Reviewed by Chris Parkes (London School of Economics)
Published on H-Diplo (March, 2016)
Commissioned by Seth Offenbach (Bronx Community College, The City University of New York)
In Otherworldly Politics: The International Relations of Star Trek, Game of Thrones, and Battlestar Galactica, Stephen Benedict Dyson tackles a fundamental question: how do we make sense of international relations (IR)? Presented with the unpredictability of human and state behavior on the one hand, and a myriad of imperfect theoretical constructs to explain them on the other, students and scholars of diplomatic history, political science, and international relations have struggled to identify clear patterns in what drives relations between states. Dyson’s work seeks that clarity through a lively and thoroughly entertaining exploration of the history of IR thought and practice viewed through late twentieth-century science fiction and fantasy. In this effort, Dyson provides an illuminating overview of the field while raising questions about how IR as an academic discipline should interact with the wider world.

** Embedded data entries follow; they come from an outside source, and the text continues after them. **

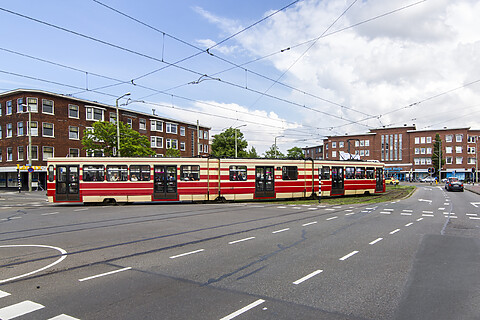 Tram rijdt over de Gouveneurlaan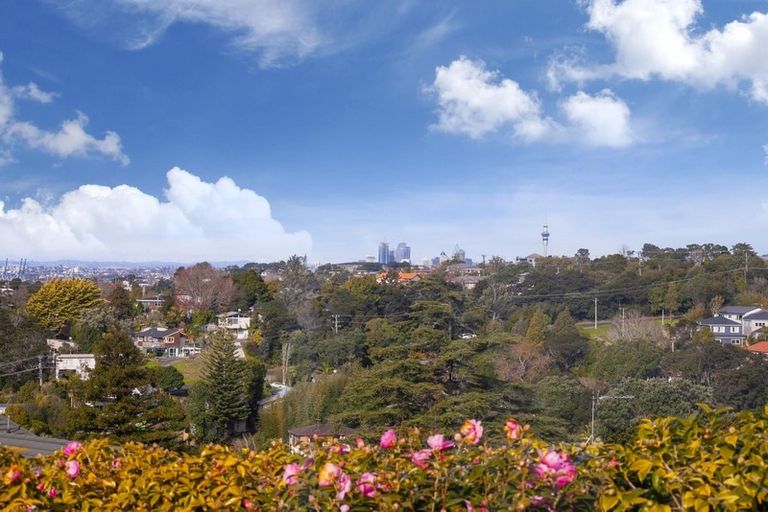 Photo of property in 8 Cashmere Place, Glenfield, Auckland, 0629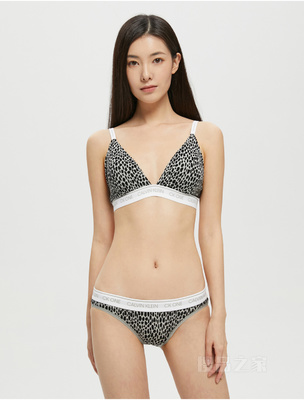 【One有引力带】Calvin Klein 22秋冬女棉质印花比基尼三角内裤QF5735AD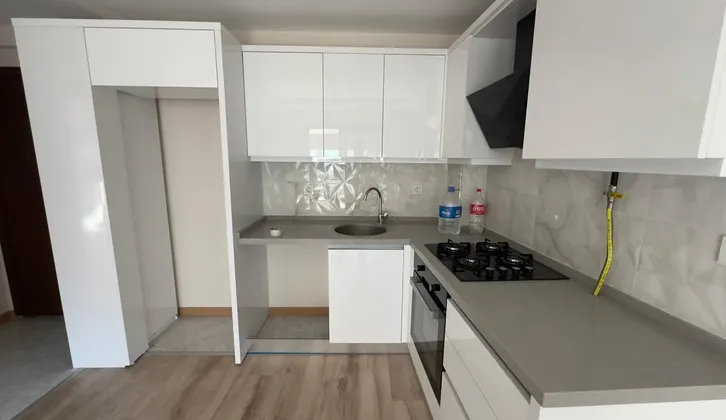 Karşıyaka Bostanlı Demirköprü'deİZBAN Yakınında Lüks Kiralık 1+1
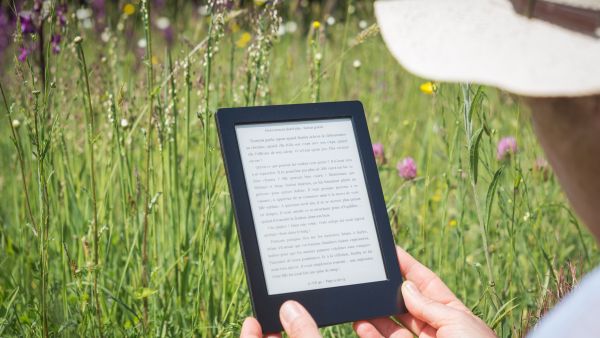 يمكن قراءة الرواية الرقمية عبر وسائط متعددة مثل القارئ الإلكتروني.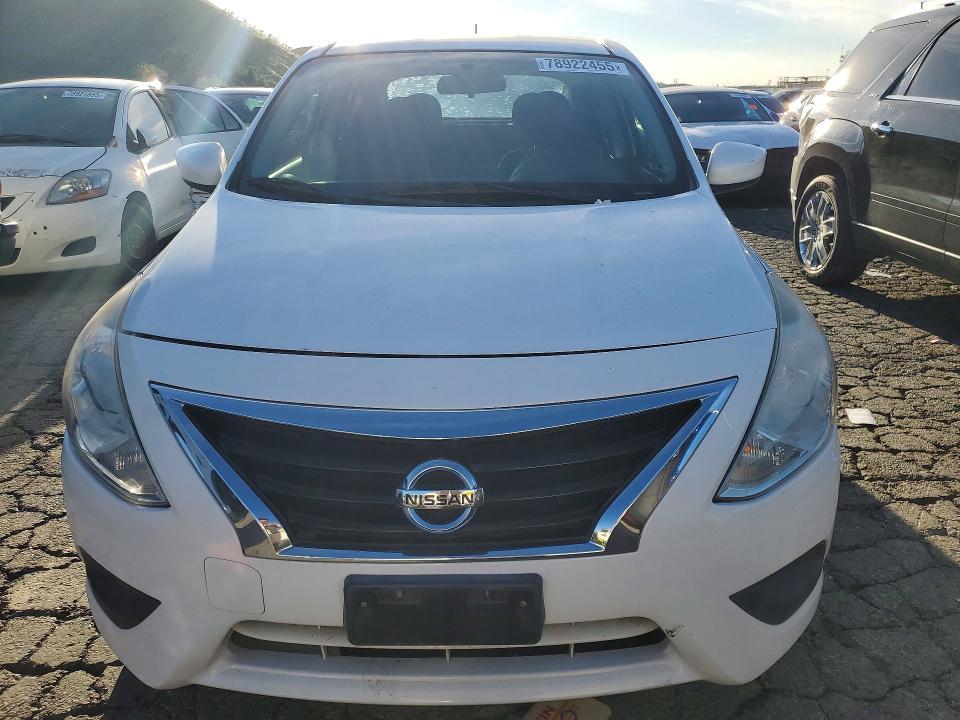 2015 Nissan Versa 1.6 sv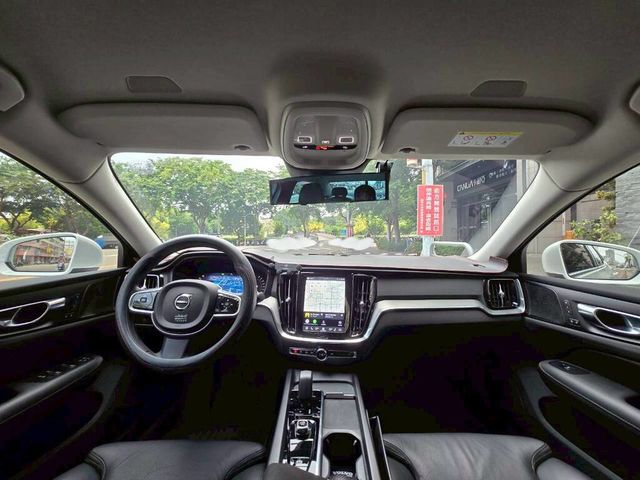 VOLVO富豪 S60  第5張相片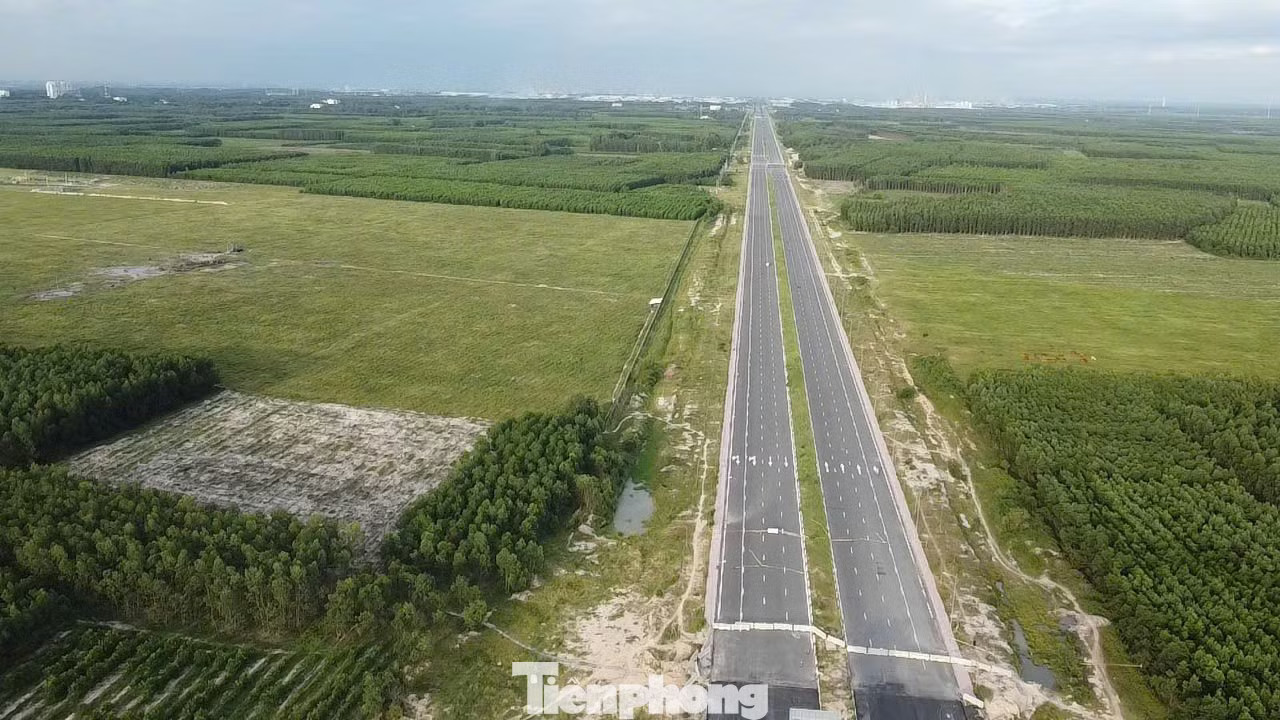 Đồng Nai đưa hàng trăm ha đất 'vàng' vào kế hoạch đấu giá - Ảnh 3.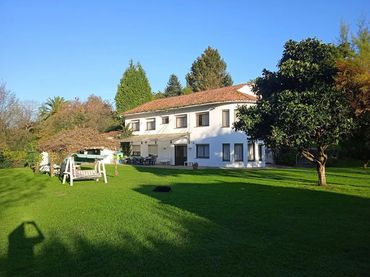 Casa amb jardí en venda a Bergondo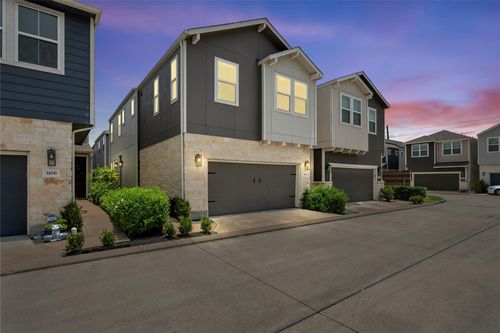 3104 Planters Peak Dr, Houston, TX, 77080-3208 | Card Image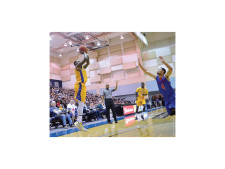sports.weekinreview.ucrathletics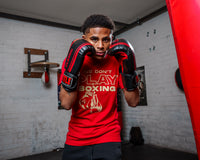 variant:black/red::TITLE Classic Speed Boxing Gloves guy boxing stance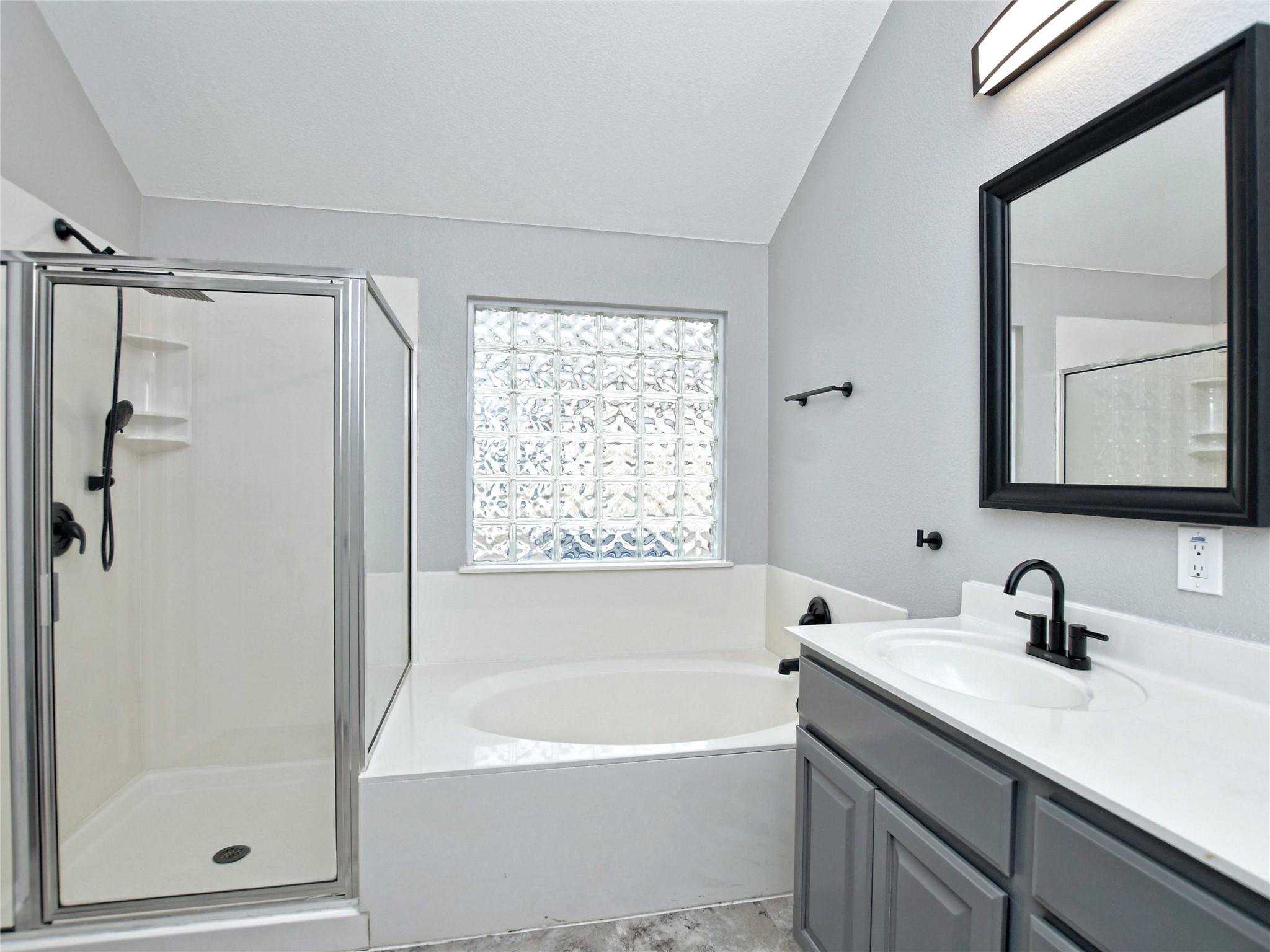 913 Old Wick Castle Way Property Photo 20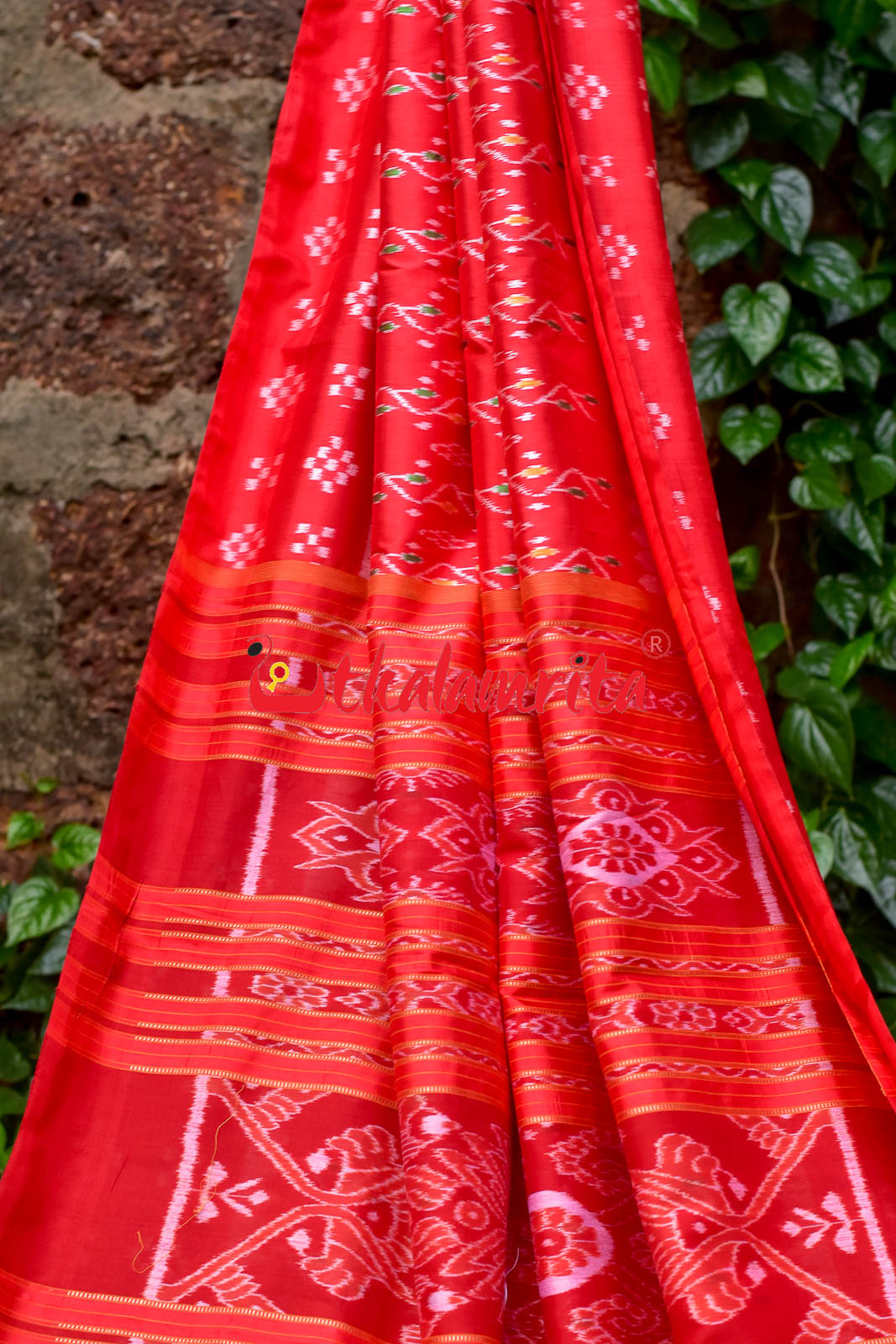 Red Vertical Daali Khandua Silk Saree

Otherworldly Politics joins a growing body of scholarship that seeks to enliven academic debates through use of pop culture. Books by Nicholas J. Kiersey, Iver B. Neumann, and Daniel H. Nexon investigating the IR dimensions of Battlestar Galactica and the Harry Potter books have blazed the trail for Dyson’s work.[1] So, too, have such edited collections as Joseph J. Foy’s Homer Simpson Goes to Washington: American Politics through Popular Culture (2008) ruminated over problems in economics, government, and philosophy as portrayed through the medium of televised fiction. Collectively, these works have demonstrated how pop culture can provide a useful lens through which to analyze complex social science phenomena. Dyson’s monograph continues this work by providing fresh material and by giving a deeper theoretical justification for why such an analytical approach is worthwhile.
Dyson identifies five advantages that sci-fi and fantasy bring to the study of international relations: to “vivify IR theory” (p. 5); to provide “more evidence” (p. 6); to provide “better evidence” (p. 7); to possess “less baggage” (p. 8); and to “clarify causal reasoning” (p. 9). Whether or not one agrees with these premises (the claims of more/better evidence are debatable, given the fictive nature of the evidence in question), Dyson sets out the parameters of his analysis clearly at the outset and proceeds confidently. He invites the reader to notice the similarities between IR theory as a world-building exercise and the world building of sci-fi and fantasy. IR, Dyson points out, “is, by necessity, as speculative and imaginative as a lot of sci-fi” (p. 3). However, the investigations in this book are anything but speculative. Drawing prodigiously on IR theory—from Woodrow Wilson to Kenneth Waltz to Francis Fukuyama—as well as scripts, interviews, series bibles, and biographies of the producers and casts of the various television series he utilizes as examples, Dyson’s analysis is firmly grounded in the relevant source materials. “The goal” of this methodological intermingling, Dyson explains, “is for each corner of this triangle of theory, history, and other worlds to be connected” (p. 10).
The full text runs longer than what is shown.